▶ **WHAT THE TASK ASKS**
Exclude every picture. Output verbatim the lines from the one containing "江苏省-苏州市-朗诗东吴绿郡-113.87-户型库-动静线" to the end of the data.

▶ **GIVEN MATERIAL**
========================================

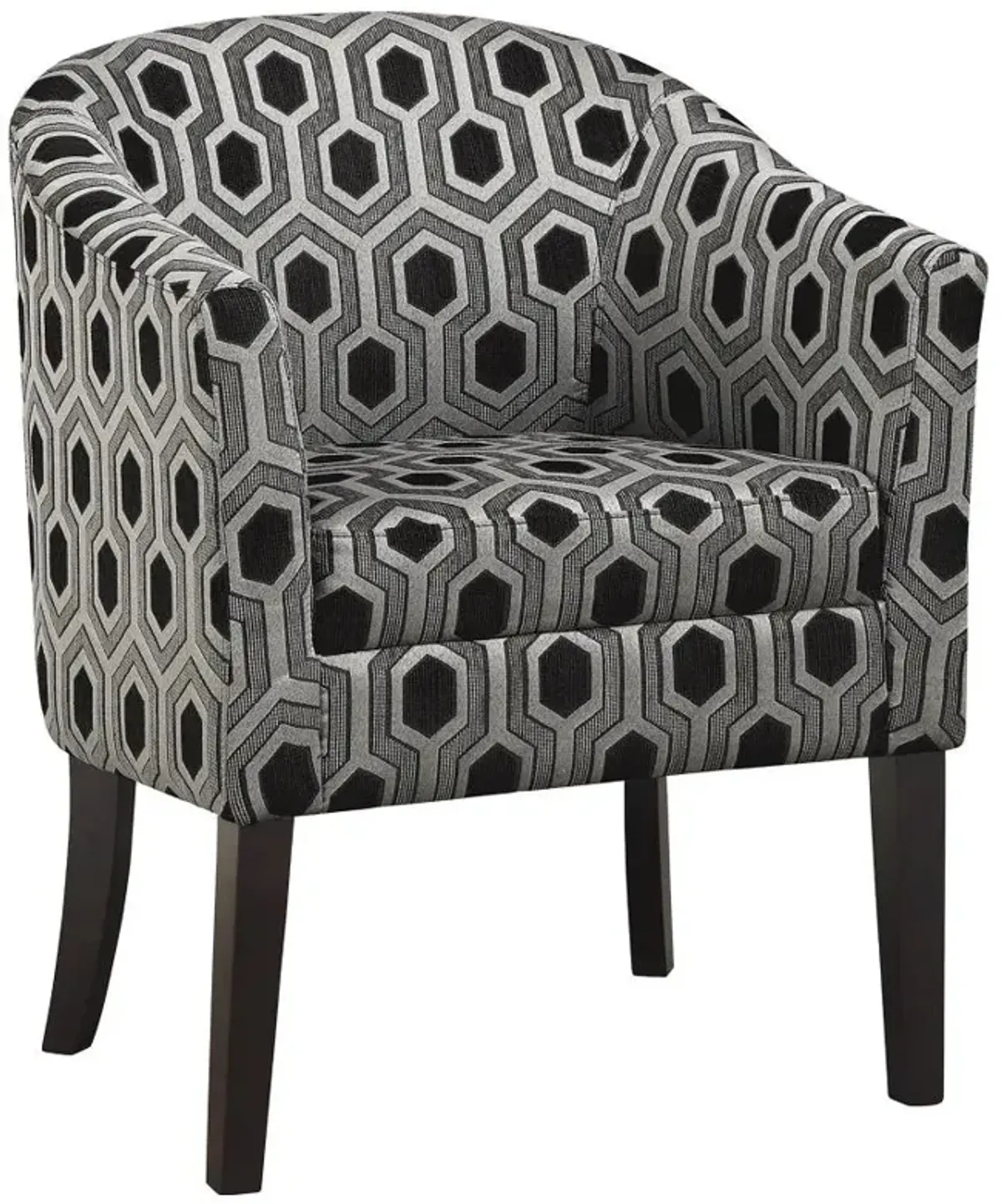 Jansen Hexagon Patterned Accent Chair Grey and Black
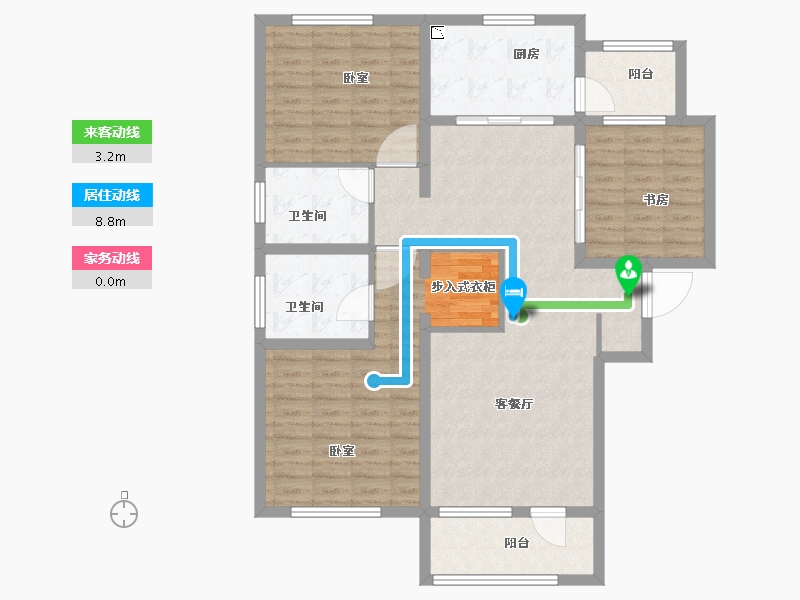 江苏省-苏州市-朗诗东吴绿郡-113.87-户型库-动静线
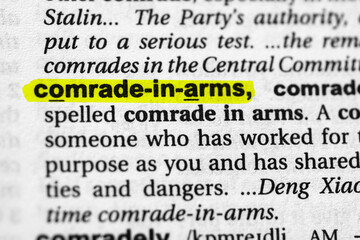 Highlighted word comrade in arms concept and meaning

========================================

▶ **RESPONSE**
 江苏省-苏州市-朗诗东吴绿郡-113.87-户型库-动静线
 Highlighted word comrade in arms concept and meaning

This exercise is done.